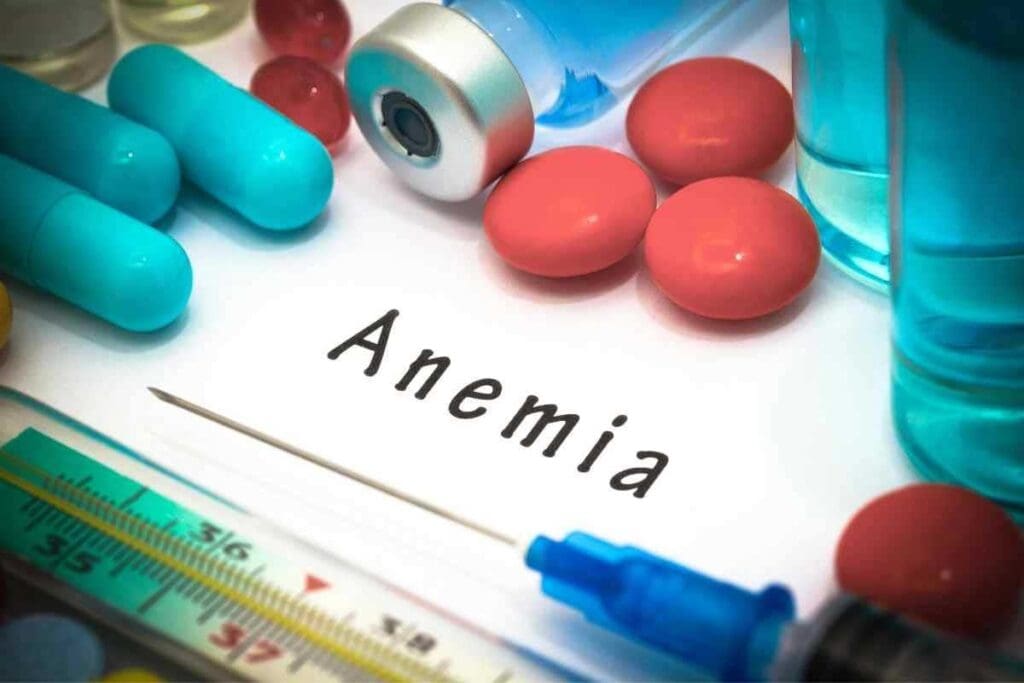 How To Cure Aplastic Anemia: Amazing Treatment Guide
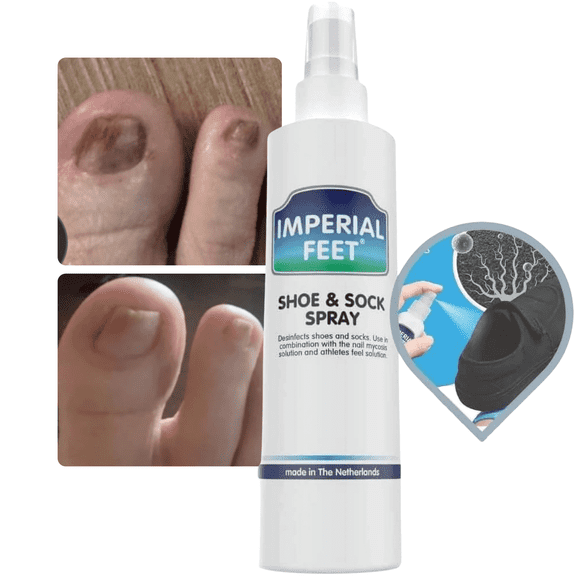 Athletes Foot Shoe Spray for Fungal Nail Treatment | Athletes Foot & Anti Toe Nail Fungus Treatment and Foot Fungus | Ringworm Foot Care Shoe Freshener | 150 ML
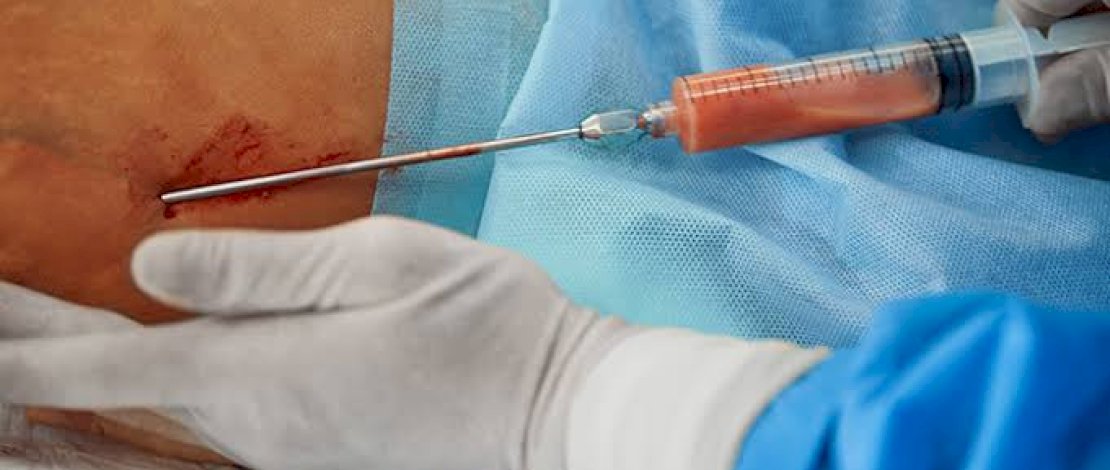 Selebgram Asal Medan Meninggal Usai Sedot Lemak, DPR Minta Izin Klinik Kecantikan Diperketat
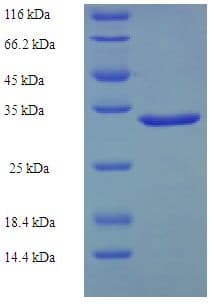 Human CR6 / GADD45G Protein (Recombinant His-SUMO)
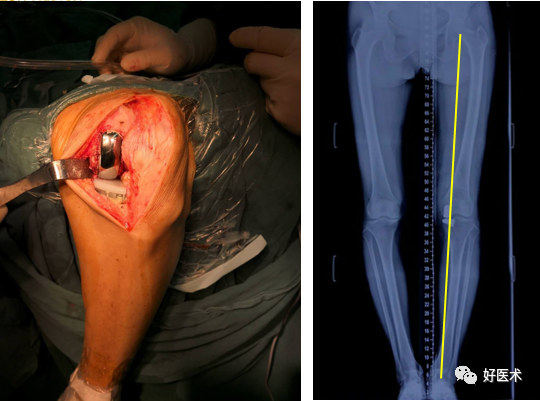 膝关节单髁置换手术，技术要点请收好！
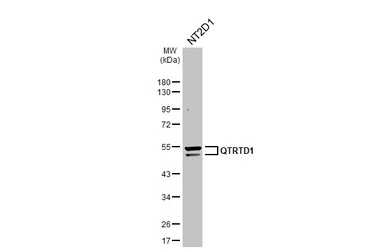 Anti-QTRTD1 antibody used in Western Blot (WB). GTX123016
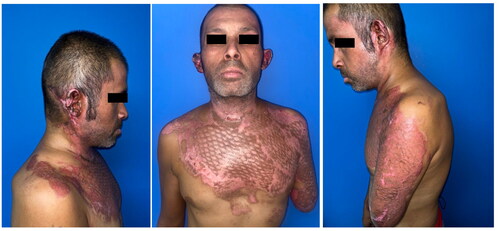 Figure 4. Three months after hospital discharge, the appearance of the patient showed all grafts satisfactorily integrated.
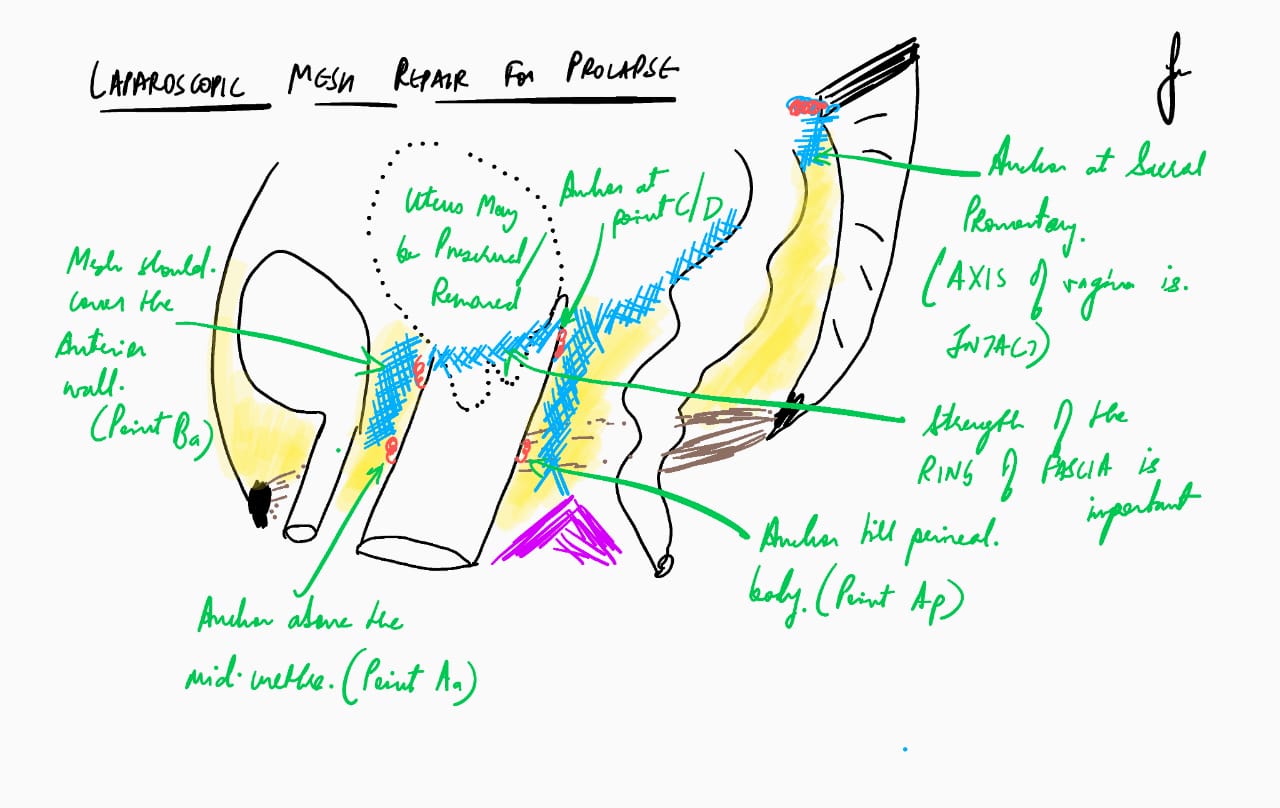 Laparoscopic surgery for Prolapse with Mesh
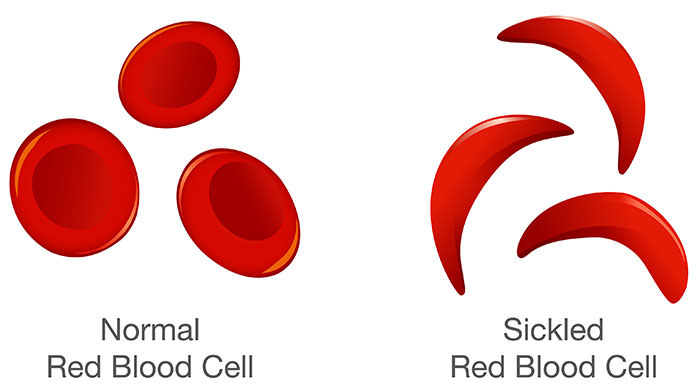 Sickle Cell And The Price Of Ignorance 1 The difference of Normal red blood cell and sickle cell. Illustration about medical.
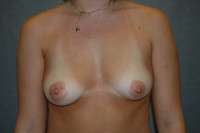 Breast Augmentation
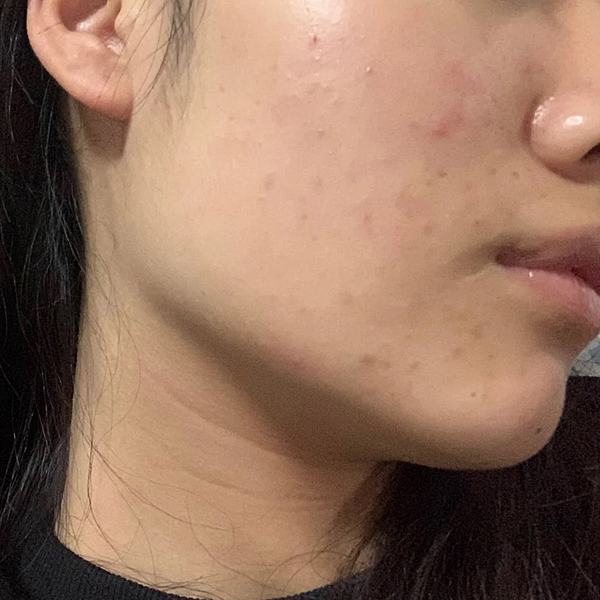 毛孔粗大、粉刺、痘疤、出油保養群組推薦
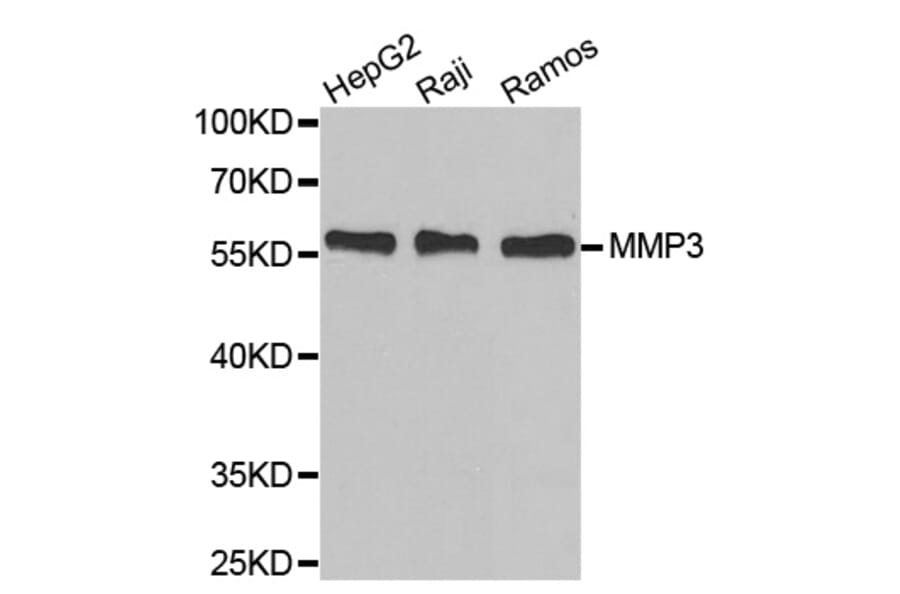 Western Blot - Anti-MMP3 Antibody (A6260) - Antibodies.com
* * * * *
● **ACTIVITY**: Nothing except the lines from the one containing "Human CR6 /" through the one containing "Laparoscopic surgery for Prolapse with Mesh" should appear in the answer, exactly as above and without pictures.

● **OUTPUT BELOW**:
 Human CR6 / GADD45G Protein (Recombinant His-SUMO)
 膝关节单髁置换手术，技术要点请收好！
 Anti-QTRTD1 antibody used in Western Blot (WB). GTX123016
 Figure 4. Three months after hospital discharge, the appearance of the patient showed all grafts satisfactorily integrated.
 Laparoscopic surgery for Prolapse with Mesh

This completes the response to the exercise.